In principle, the required organization is a random effect. This could mean that it occurs only sporadically. So, there might be only few conscious galactic beings in a large biotope of non-intelligent galaxies. But model calculations show that the self-organization of an initially chaotic space-time is almost inevitable. The first pattern formation is spontaneous and random. Then the organized patterns expand until the cover the entire envelope of the event horizon. The ordering is a phase change like the crystallization of a liquid where a crystal nucleus in a supercooled liquid spontaneously arranges the entire liquid into the crystal structure. The randomly occurring phase change event can take a long time to start. But after 13 billion years probably all large SMBHs have generated their Simbas.

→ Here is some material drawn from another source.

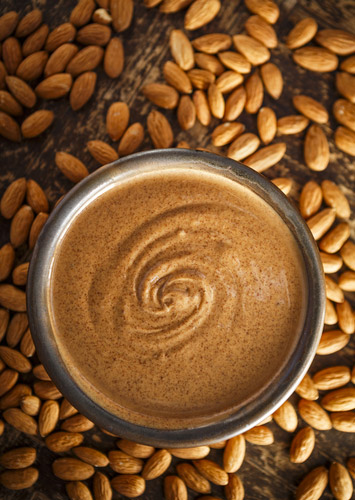 A bowl of almond butter surrounded by almonds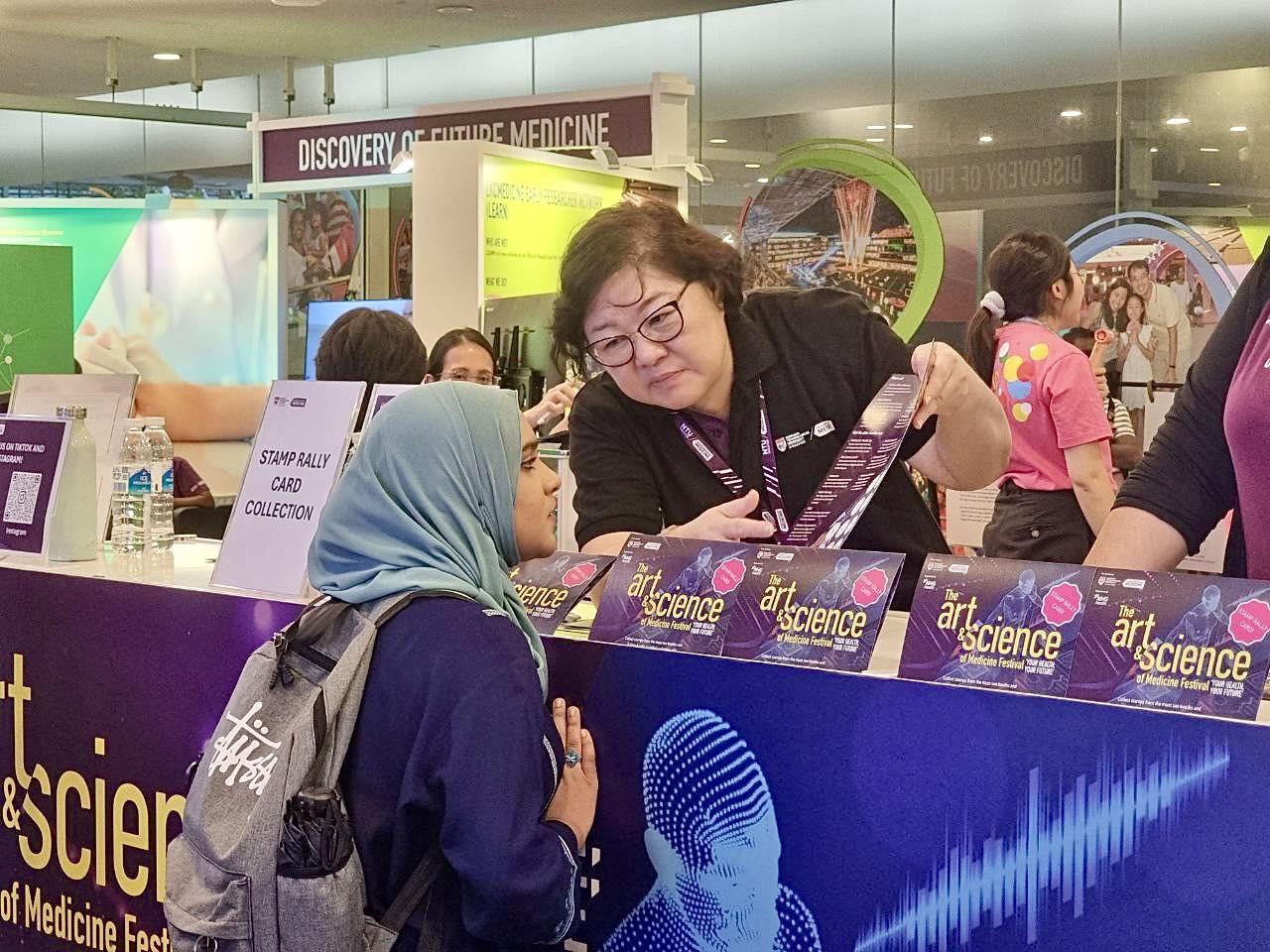 Participants enjoying the interactive exhibits at the festival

If we consider that the motion of large Simbas and their galaxies is planned rather than random, then collisions of galaxies appear in a different light. When a small galaxy collides with a large one, we can assume that the small galaxy is eaten by the other. Stars and gas of the prey galaxy are added to the hunter's galaxy body. The central black hole of the prey is swallowed by the large SMBH increasing the capacity of the Simba.

Collisions of galaxies with roughly equally large SMBHs end more dramatically, either by violently merging or by destroying both galaxies. All the collisions we observe with large SMBHs are intentional, by one or by both parties. Yet, mergers of large galaxies also allow another interpretation. Since the merging of Simbas significantly changes and enlarges their capacity, two individuals become a more powerful new one. In this case the collision would be an intentional process in order to make a big step forward on the intelligence scale. Such an event may be intended by both parties or imposed by one on the other.

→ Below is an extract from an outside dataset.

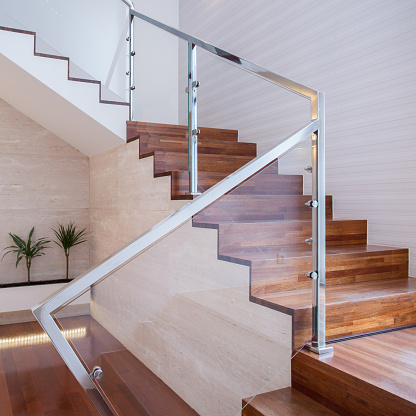 Image of stylish staircase in bright house interior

If we now assume that this process cannot be an instinctive act, since instinct and reflexes are evolutionary and not emergent properties, then the question arises what drives galaxies to merge and how do they know that merging may be advantageous. A possible answer is that Simbas actually have logical and foresighted thought processes, so they are not just the equivalent of only our animals. A quite plausible theory, which is supported by simulations, assumes that SMBHs develop conscious intelligence very quickly after the phase transition to an ordered regime. For smaller SMBHs this takes statistically longer. Therefore, smaller SMBHs are usually not intelligent. All large ones are intelligent individuals, their capacity growing with the volume of their macroscopic quantum envelope, in other words: with the mass of the SMBH.

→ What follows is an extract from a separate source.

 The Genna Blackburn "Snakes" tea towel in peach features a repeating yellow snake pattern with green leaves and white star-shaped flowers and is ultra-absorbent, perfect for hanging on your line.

Their processing power might even grow with the square of the mass. An SMBH that is a thousand times bigger than Sagittarius A in our Milky Way, has a quantum envelope that is a million times larger. However, this does not mean that they are a million times more intelligent. Presumably, intelligence is not directly proportional to capacity and there may also be certain limiting factors unknown to us. But it is quite possible that there are galaxies out there that are much more intelligent than we are: super-intelligences of galactic size in extreme slow motion.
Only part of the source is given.